The reply should be an exact repeat of the listing, with no pictures in it.

[GIVEN MATERIAL]:
──────────
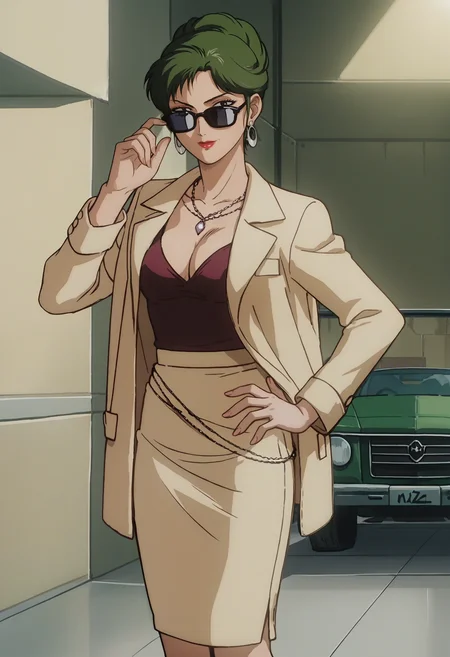 score_9, score_8_up, score_7_up, score_6_up, anime screencap, anime coloring,  <lora:CimaGarahau_epoch_7:0.7>, CimaGarahau, short hair, green hair, single hair bun, lipstick, black eyes, makeup,
pearl necklace, hoop earrings, beige jacket, red camisole, cleavage, beige skirt, pencil skirt, black high heels,
holding removed eyewear, sunglasses, looking at viewer, hand on own hip, cowboy shot, hand up,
──────────
[OUTPUT FOR THIS EXERCISE]:
 score_9, score_8_up, score_7_up, score_6_up, anime screencap, anime coloring,  <lora:CimaGarahau_epoch_7:0.7>, CimaGarahau, short hair, green hair, single hair bun, lipstick, black eyes, makeup,
pearl necklace, hoop earrings, beige jacket, red camisole, cleavage, beige skirt, pencil skirt, black high heels,
holding removed eyewear, sunglasses, looking at viewer, hand on own hip, cowboy shot, hand up,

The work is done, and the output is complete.